### Exercise aim
Below, locate the line that contains "Muljača za grožđe". Repeat exactly from that line to the line that contains "Frozen Olaf dibujos", inclusive, leaving out the pictures.

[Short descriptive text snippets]
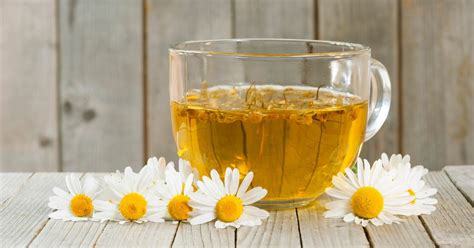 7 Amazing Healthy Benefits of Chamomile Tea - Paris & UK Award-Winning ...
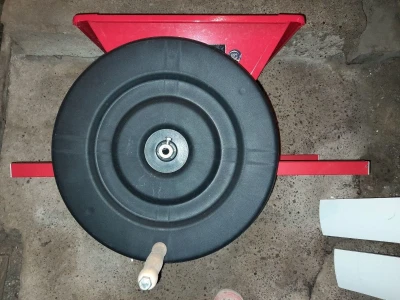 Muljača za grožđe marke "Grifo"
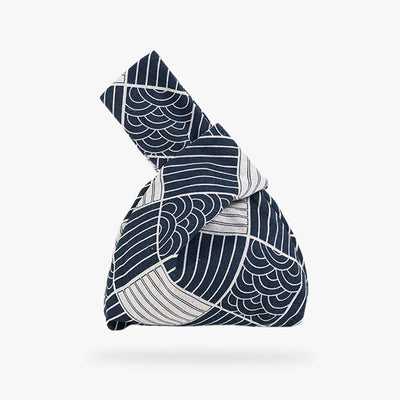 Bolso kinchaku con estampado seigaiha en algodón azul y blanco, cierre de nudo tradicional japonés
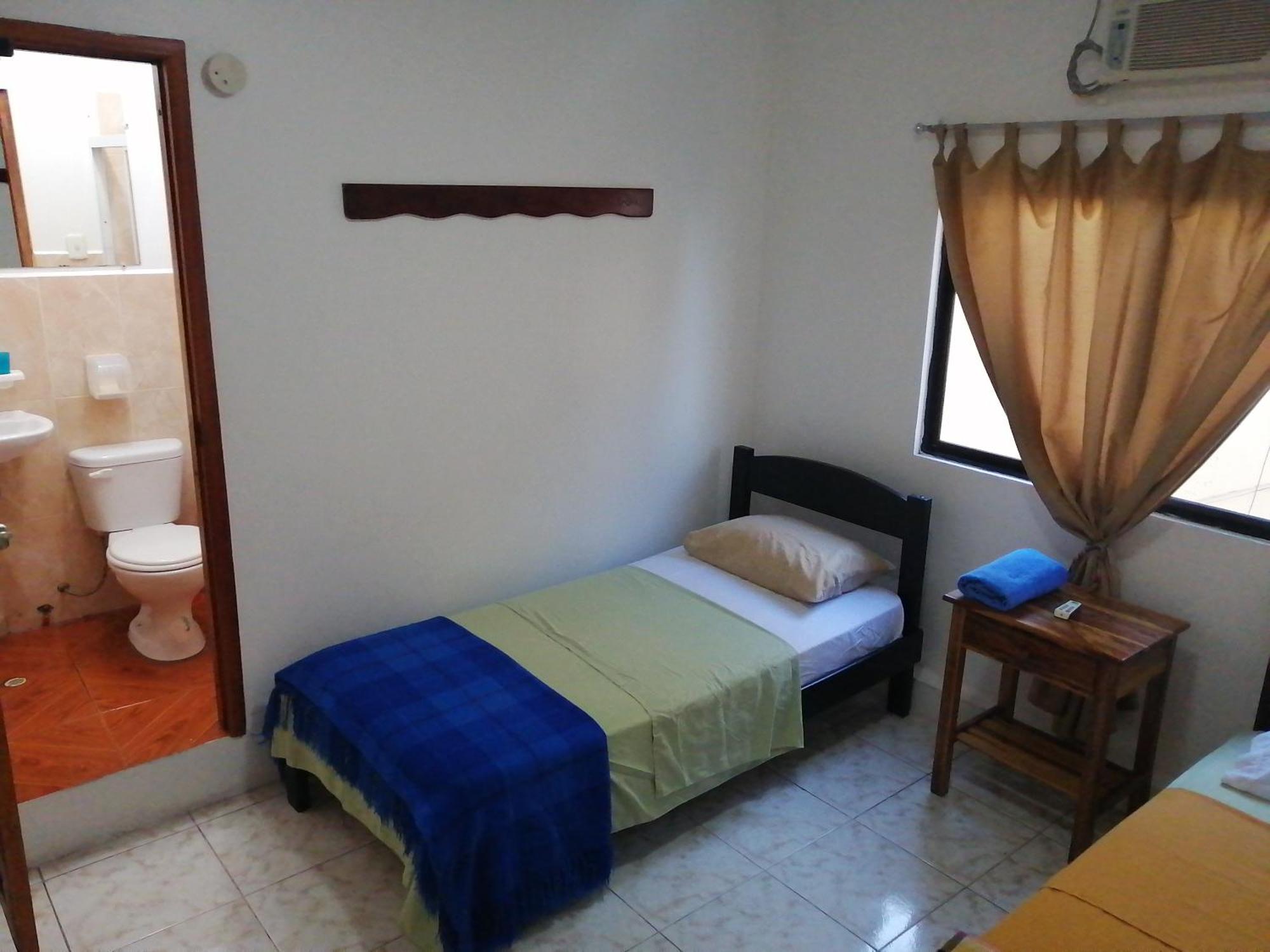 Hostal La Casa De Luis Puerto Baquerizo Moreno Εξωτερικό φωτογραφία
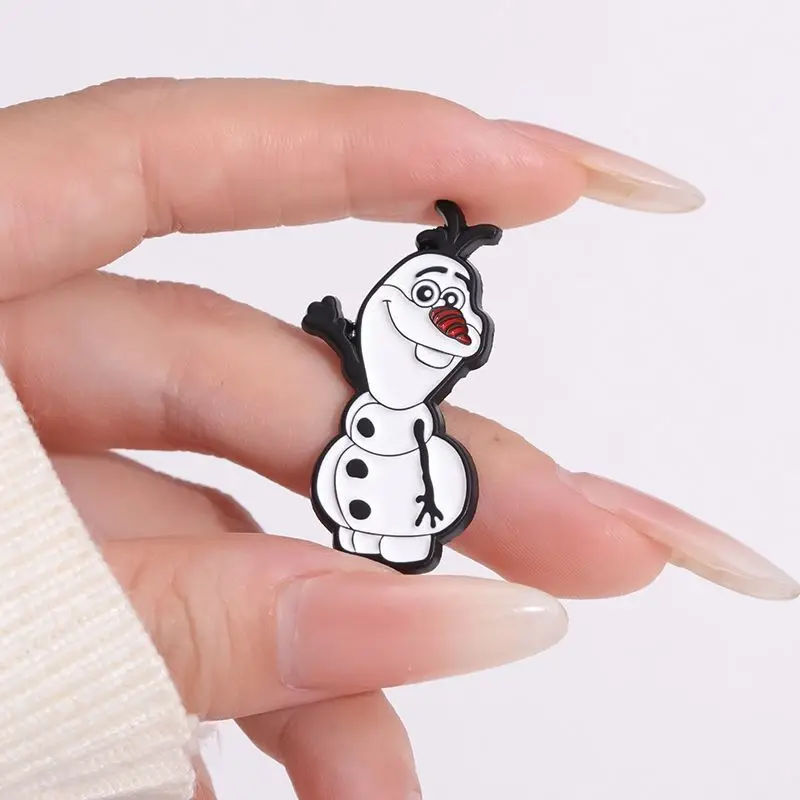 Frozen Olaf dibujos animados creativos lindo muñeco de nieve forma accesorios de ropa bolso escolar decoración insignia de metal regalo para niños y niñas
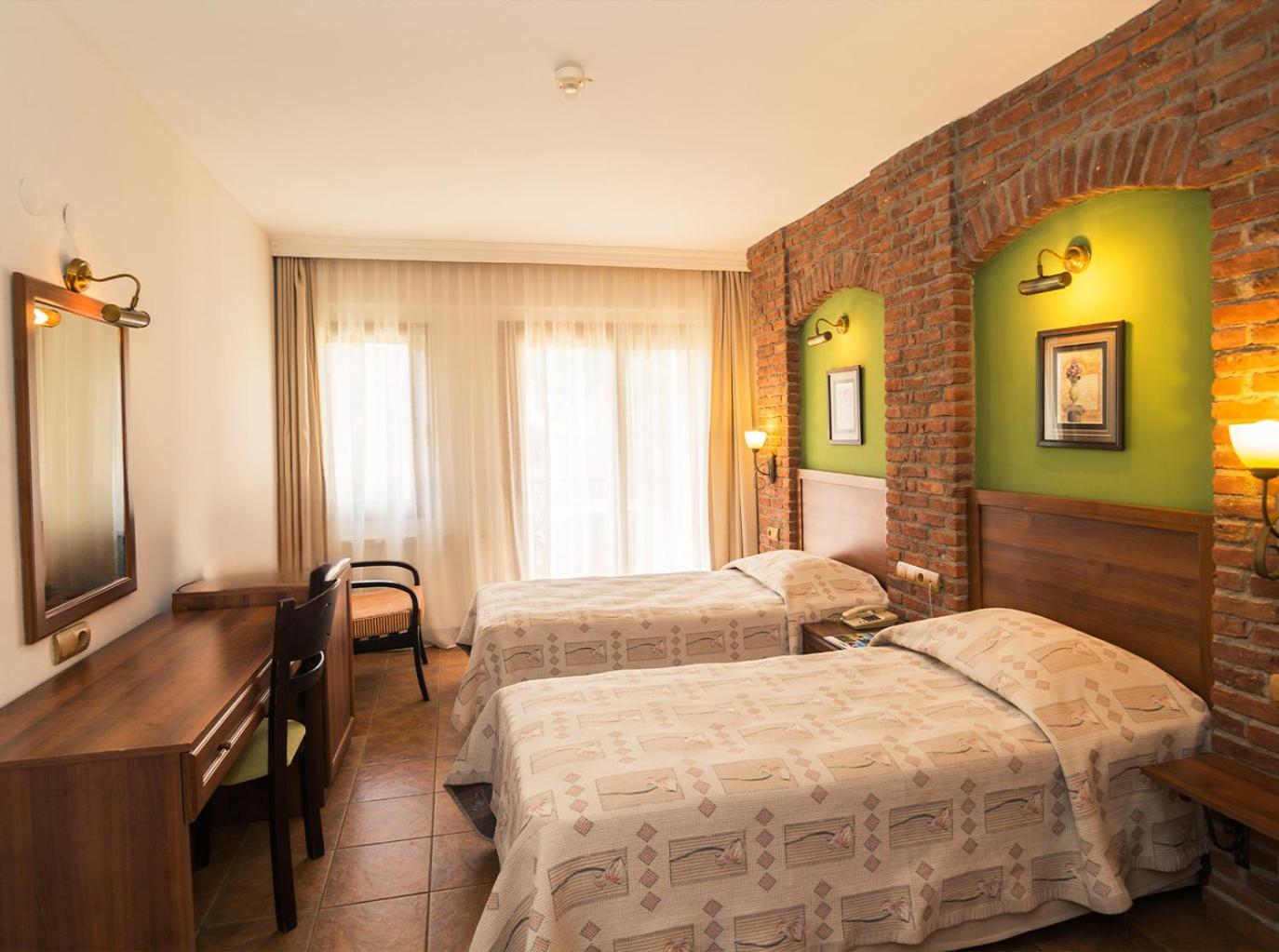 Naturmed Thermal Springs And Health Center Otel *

### Result
 Muljača za grožđe marke "Grifo"
 Bolso kinchaku con estampado seigaiha en algodón azul y blanco, cierre de nudo tradicional japonés
 Hostal La Casa De Luis Puerto Baquerizo Moreno Εξωτερικό φωτογραφία
 Frozen Olaf dibujos animados creativos lindo muñeco de nieve forma accesorios de ropa bolso escolar decoración insignia de metal regalo para niños y niñas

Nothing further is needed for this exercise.